After two tense meetings, the Saviors clearly have no taste for any shenanigans. Since there wasn't enough food, they request the Kingdom's guns. At first, they all point weapons at each other but realizing that this could end up being a bloodbath pull back. They give Gavin and his friends all the guns. That isn't enough. Ezekiel offers double the tribute in an hour. Nope. Gavin wants to punish them. So he allows Jared to do as previously threatened: kill Richard for his past sins. He points the gun at Richard for an uncomfortably long time. "Just do it," Richard says, ready to die. But no...
Why didn't Jared just off Richard?
Jared is imitating Negan. Negan has pointed his gun or bat at one person, then changed his mind and went for another. (Instead of killing Daryl, Negan bludgeoned Glenn. Instead of shooting Rosita, he opted for Oliva.) He shoots Benjamin instead. It does not appear fatal since it's in the leg. Jared figures this is cool payback for Benjamin hitting him with a stick a week earlier. (Soon, Carol will regret allowing him to go to the drop instead of teaching him ways to kill walkers.)
Why did Benjamin die?
He had lost too much blood by the time they got to Carol's place. And there was no Herschel or Denise to help save his life. Then again, you'd think they'd have done a better job staunching the wound.
What sort of weird flashbacks was Morgan having?
Losing Benjamin was a huge blow for Morgan, who had mentored him and had gotten to like the kid. He started having flashbacks to his past craziness when he had shacked himself up by himself mourning the loss of his family. He thought of just killing himself. Then he kicked a crate and found an extra cantaloupe. Hmm...
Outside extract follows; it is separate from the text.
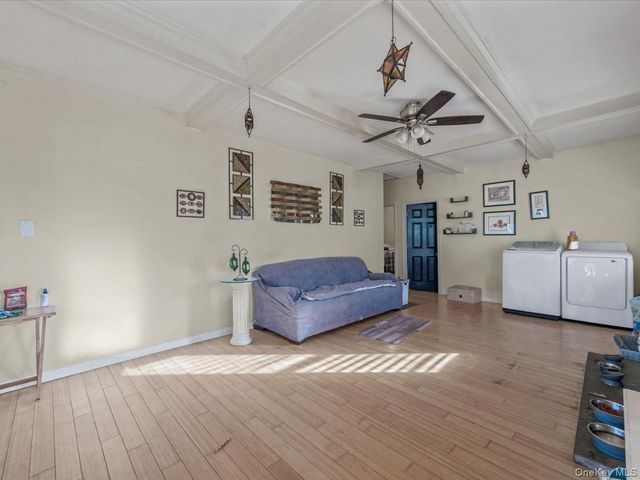 29 Parkside Avenue, Miller Place, NY 11764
So what was Richard really up to?
Richard explained his actions to Morgan. When he was in a post-apocalyptic camp, he did nothing, thinking those smarter and braver than him could handle any mess. But then his wife died, then his daughter. He no longer wanted to be a bystander, explaining his hawkish ways. He said he purposely set all the whole drop up the way he did so he could play martyr and inspire the Kingdom to go to war against the Saviors. He just didn't realize it would backfire the way it did and cause Benjamin to perish instead. "Someone had to die," Richard told Morgan. "I tried to be the one. That didn't happen. So I'll be the one to lead the army to crush them, destroy them. Me!"
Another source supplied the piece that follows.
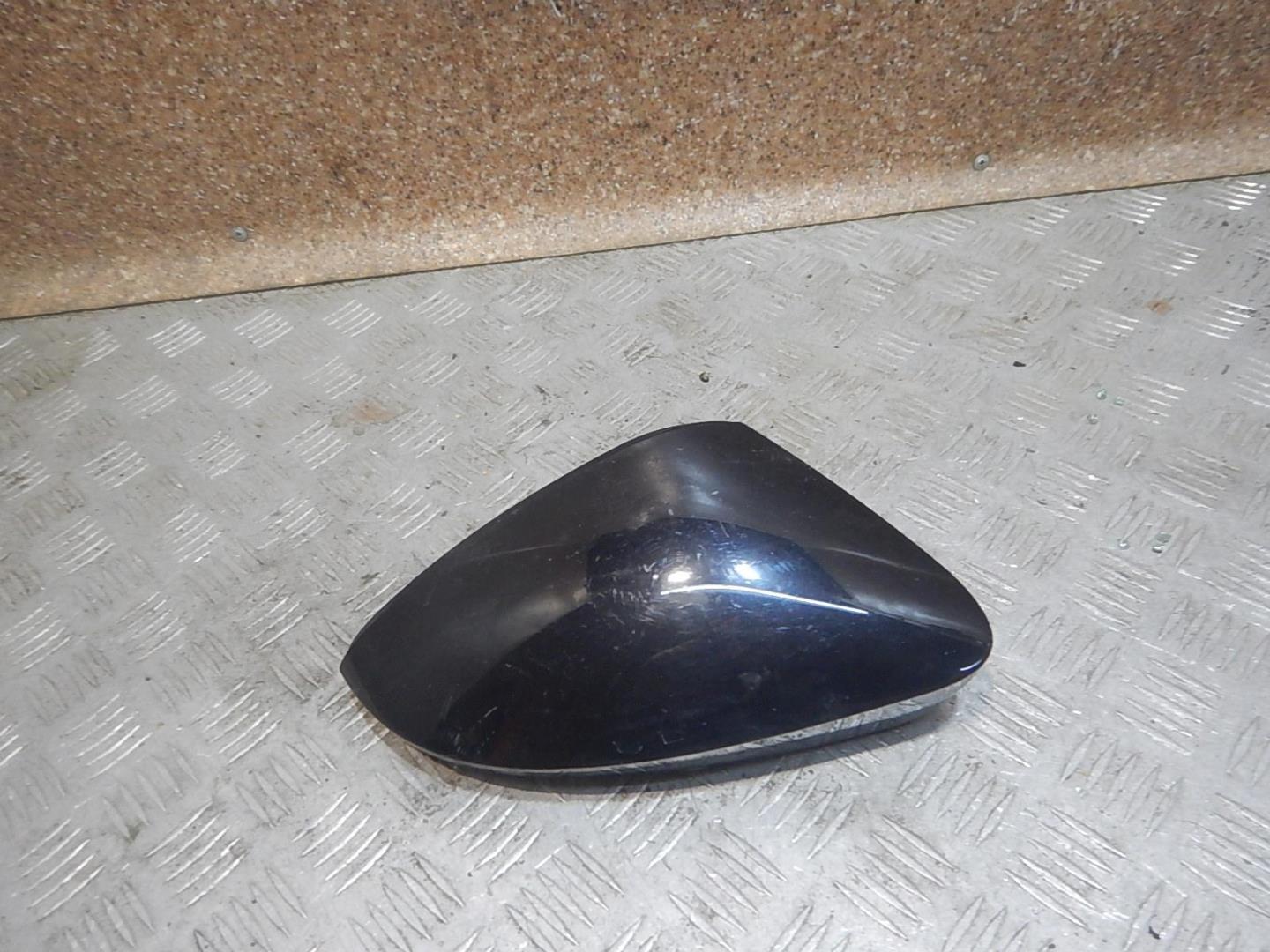 Крышка корпуса зеркала правого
Was it surprising that Gavin actually felt bad about Benjamin dying?
Gavin has been somewhat reasonable for a Savior up to this point. His idiot minion Jared kept pushing the pressure points. He was not happy Benjamin had died. He knew he was just a kid. There is a small beating heart there. He actually told a smirking Jared, "Start walking back before I kill you!"
Did Morgan really have to kill Richard in front of the Saviors?
No. He didn't. But clearly, the savage part of him had taken over. The peacenik was gone. If anything, Gavin was satisfied that things would go back to whatever "normal" was for the time being once Morgan explained that Richard "wanted to start something between the Kingdom and the Saviors. I wanted to show you that we get it. We understand what it is we need to do, that we know how to go on."
What is Morgan thinking now?
He allowed himself to care about Benjamin like his son Dwayne (who he mistakenly referenced at one point). And he gets punished for it. He now appears ready to join the army against Negan but did what Richard wanted: make peace for now with the Saviors so they don't suspect anything is amiss. While he may feel bad in one sense about killing Richard in such a brutal way, he knew Richard wanted to die for the cause. And by telling Carol about Alexandria, he is honoring Richard's desire to help take down the Savior. He also notices and acknowledges that Richard wanted to be buried next to his daughter Katy, whose backpack was still sitting there. So he does that for Richard.
Describe the symbolism of the garden
The magic of a fire is from the ashes can rise new things. In this episode, the analogy is the deaths of Richard and Benjamin have prodded Ezekiel, Morgan and Carol into action.